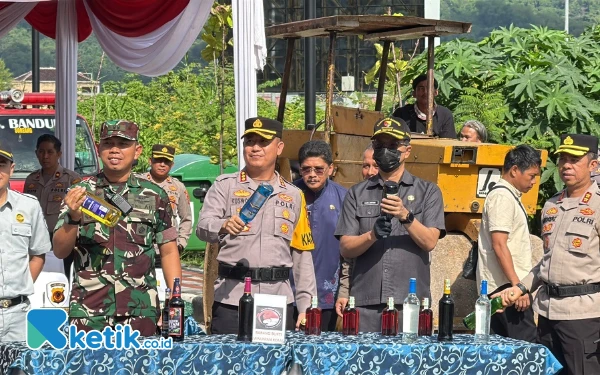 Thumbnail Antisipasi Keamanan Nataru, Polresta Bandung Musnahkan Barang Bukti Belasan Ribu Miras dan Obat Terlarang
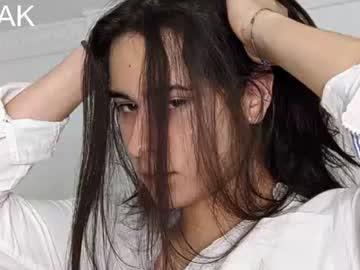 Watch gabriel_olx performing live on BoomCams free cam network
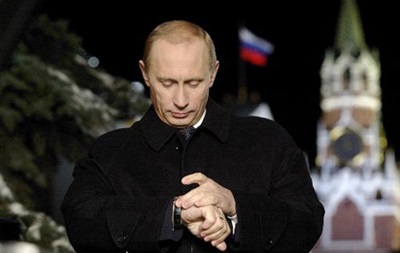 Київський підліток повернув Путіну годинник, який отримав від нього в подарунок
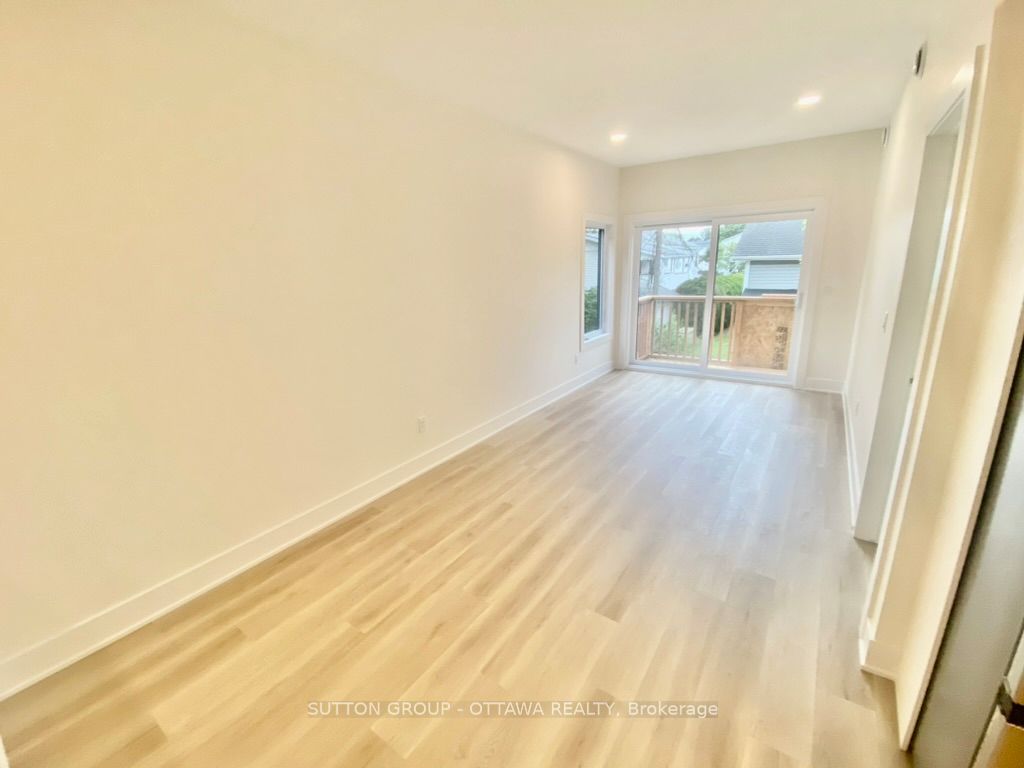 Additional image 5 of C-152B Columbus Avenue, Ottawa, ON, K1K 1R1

▶ What the task asks
The whole listing must be transcribed exactly. No pictures belong in the copy.

▶ Result for this task
 Thumbnail Antisipasi Keamanan Nataru, Polresta Bandung Musnahkan Barang Bukti Belasan Ribu Miras dan Obat Terlarang
 Watch gabriel_olx performing live on BoomCams free cam network
 Київський підліток повернув Путіну годинник, який отримав від нього в подарунок
 Additional image 5 of C-152B Columbus Avenue, Ottawa, ON, K1K 1R1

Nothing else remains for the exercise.